Creating a new terminus for W68th Street, 170 Amsterdam sits between Central Park to the east and the landscaped open space of the Lincoln Towers superblock to the west. The building’s architecture and the exoskeleton that defines the exterior is derived from its location between these large green spaces and its immediate surroundings. Richard began by saying: “It’s impressive with what’s been achieved within its context.” The impressive intersections of the structure rise to the top of the building at different heights, giving the appearance of a façade in motion while also allowing for the prefabricated fiberglass formwork to be reused with the concrete cycle. At ground level, the columns create a dynamic street wall, with the exposed structure angling into the sidewalk and piercing the solid form of the building canopy. Inside, the exposed concrete columns angle through the public spaces of the building piercing the floors and walls of the lobby, common rooms and corridors, and disappearing into the ceiling above. In the apartments, seeing the structure through the floor-to-ceiling glass has the effect of being suspended in a treehouse, held up by the branches of the building’s exoskeleton. “I like the way the building follows through in terms of its materiality, wherever you are in your apartment, you can see the structure, it becomes part of your landscape “commented Niall. Graeme agreed, saying: “It’s quite an achievement and sits nicely within the street.”
SILT in Australia by bureau^proberts.
A 7 level apartment building in a unique city peninsula of the Brisbane River. The form of the building responds to its iconic surroundings through a strong connection to the landmark Storey Bridge which runs adjacent to the site and sets the height datum for the building. Apartments are designed with 3 bedrooms and study with open living spaces that respond to the river bend and Captain Burke Park. “I like the relationship of the original concept; the idea of the water and mud - it’s related to a big idea, and it’s been carried through carefully” commented Richard. Internal living spaces are compact and simply planned to allow access to services and sleeping spaces without interrupting living. Internal finishes reflect the external fabric and context of the site to amplify the sense of connection to its unique riverine location. “I love the framed view, I think it’s beautiful” said James. Niall went on to say: “For such an urban scheme it feels quite homely, I like the tactility of the materials.”
Apartman 18 in Turkey by Aytac Architects.

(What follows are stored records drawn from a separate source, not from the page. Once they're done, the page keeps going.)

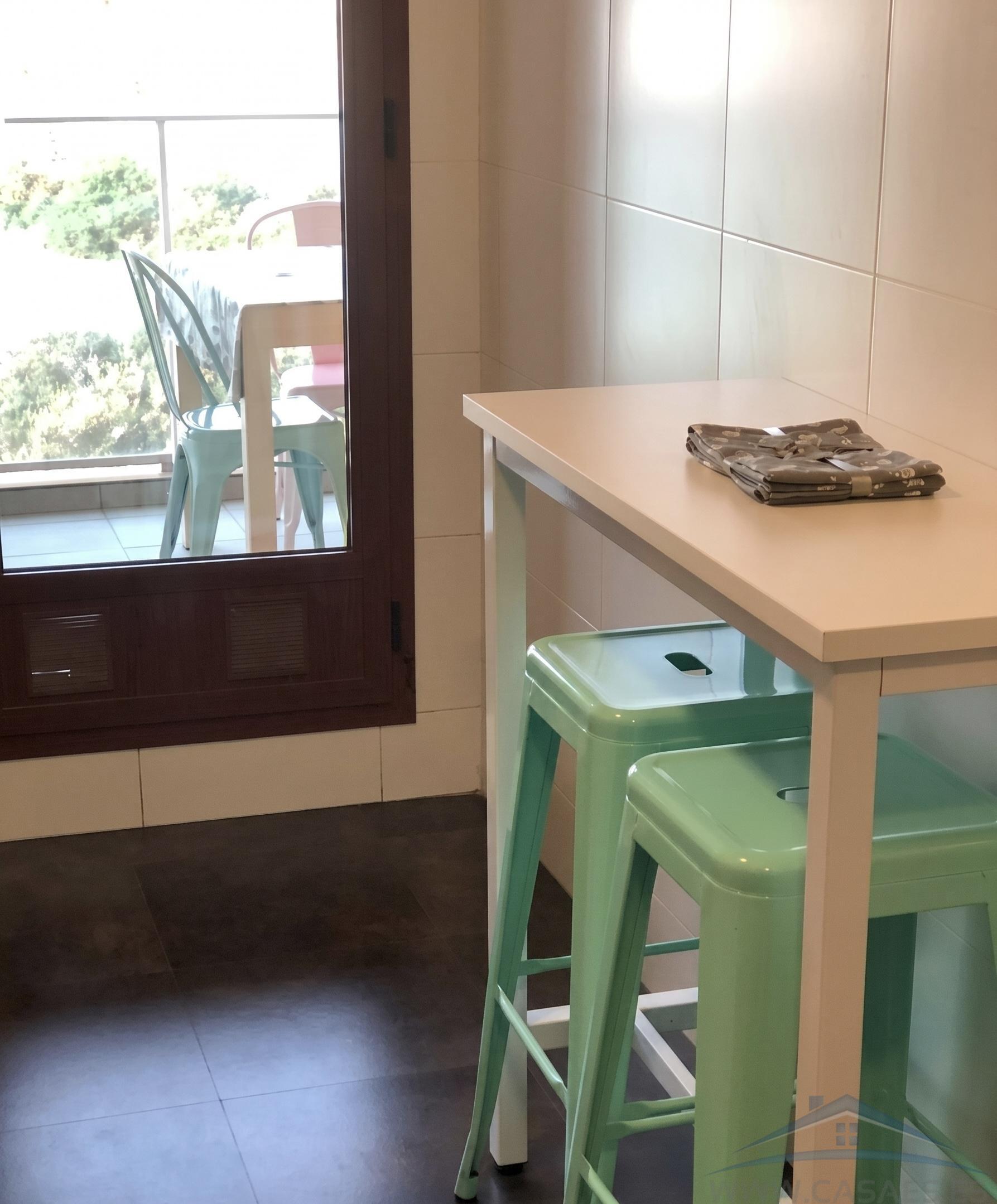 Alquiler de piso en Almería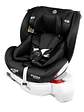 Silla de Auto Bebesit Active 360 Isofix Black Premium - Miniatura 6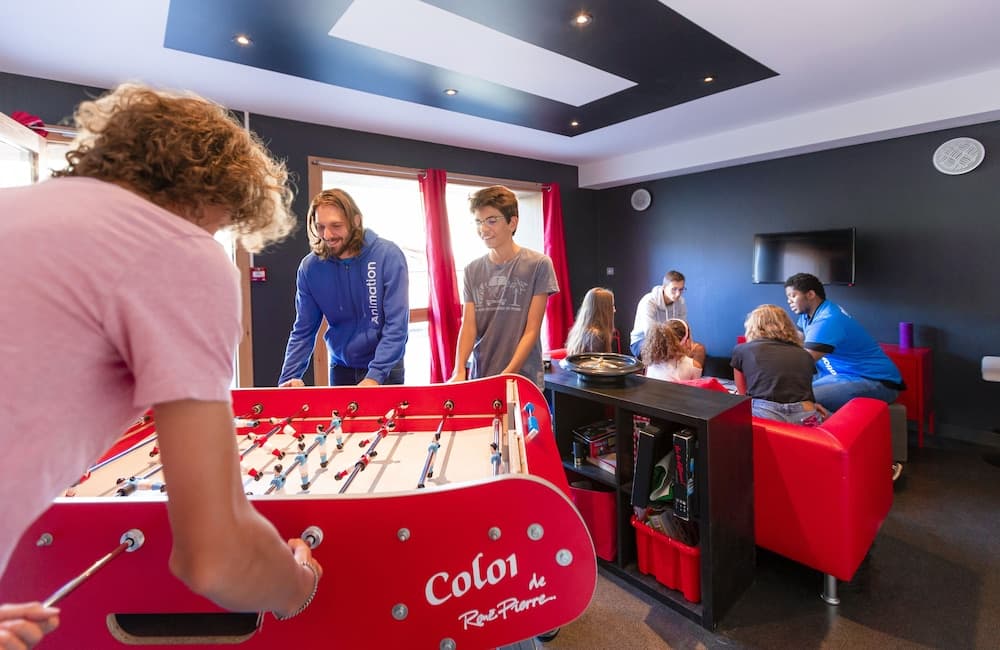 Children's activities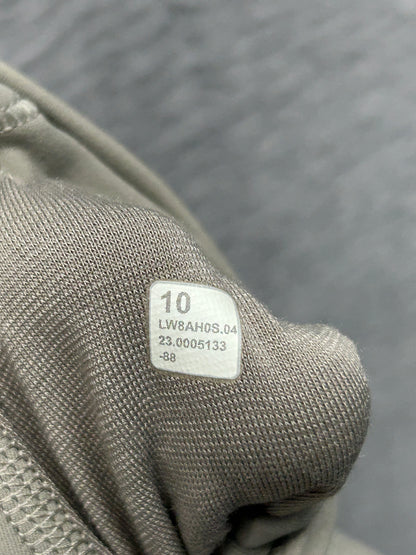 Lululemon Nulu Slim-Fit High-Rise Skirt Size 10 (Square) Filbert Tan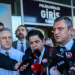 Özgür Özel’den Hasan Bitmez’e ziyaret…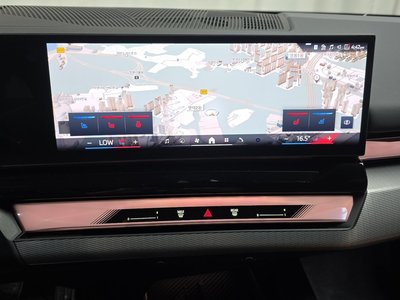 صورة مصغرة 19 لـ 2026 BMW 5 SERIES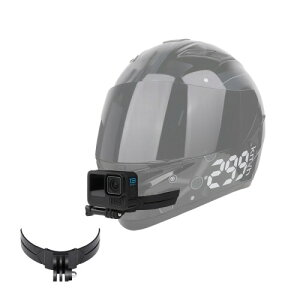 Lupholue AbvO[hꂽI[goCwbg}EgLbg SȖʃpbht GoPro Hero 12A11A10A9A8A7A(2018)A6 5AHero BlackASessionAXiaomi YiASJCAMACampark ɑΉ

Located in the residential neighbourhood of Erenköy, Apartman 18 is a 10 story residential building containing 9 non-identical apartment units, rooftop garden with swimming pool, street level garden, underground parking and shared spaces. 10 varying floor plates are spirally wrapped into one continuous surface with a three dimensional facade consisting of individually shaped aluminum panels. This facade treatment offers privacy with maximum light and views within each unit. James was very taken with this project, stating: “There’s a continuity to its design and ethos” with Graeme going on to say: “It’s like a tree, you can see it going on and on in height, and it still feeling right.” Careful consideration towards sustainability have reflected in the design. This mid-rise apartment building is the first of its kind in the country that uses outside air as renewable energy source avoiding use of fossil fuels such as fuel oil and natural gas. Insulating glass units that have a double silver coating ensure energy savings and solar protection without compromising on natural light transmission. James concluded: “It’s been executed particularly well, there’s an individuality to each apartment."
Thank you to all involved in the WAN Residential Award 2015 and congratulations to the six finalists of this category. From this six, an overall winner will be announced on 26th January 2016.